» Work item: Give back exactly the lines that start at the one containing "white-book-mockup-with-a-pink-peony-flower" and run to the end of the material, leaving out the pictures.

» Data section:

++++++++

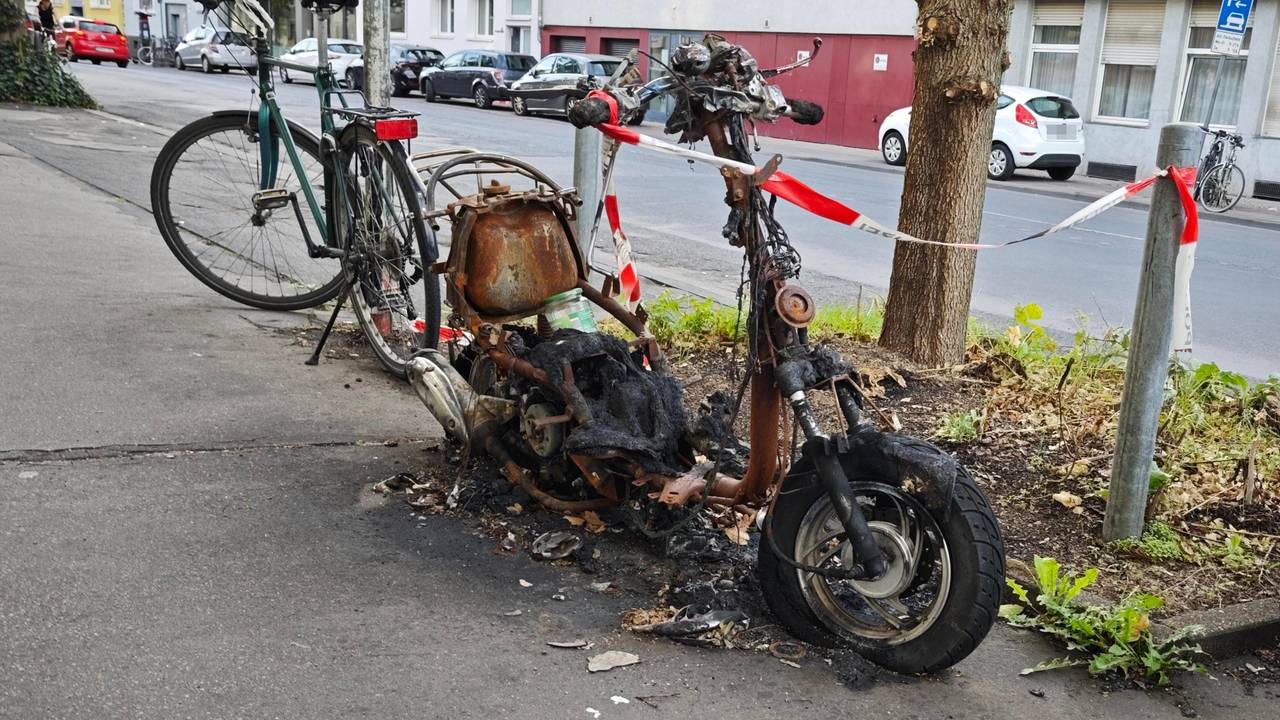 Ein ausgebranntes Zweirad-Wrack steht in Lindenthal an der Straße.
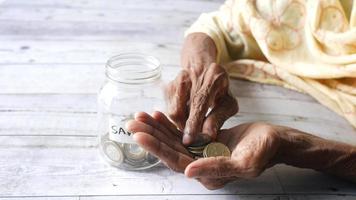 anciana agrega monedas al tarro de ahorros video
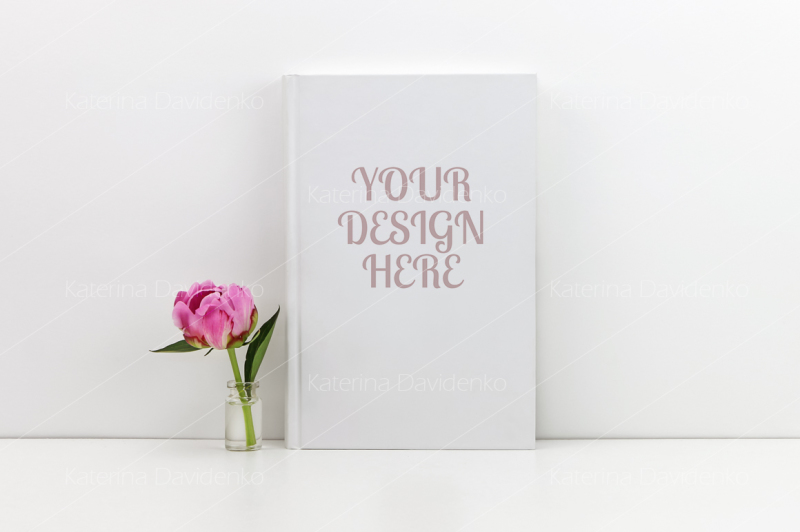white-book-mockup-with-a-pink-peony-flower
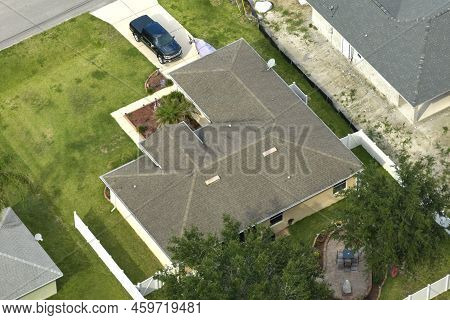 Aerial View Of Typical Contemporary American Private House With Roof Top Covered With Asphalt Shingl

++++++++

» Problem solution:
white-book-mockup-with-a-pink-peony-flower
 Aerial View Of Typical Contemporary American Private House With Roof Top Covered With Asphalt Shingl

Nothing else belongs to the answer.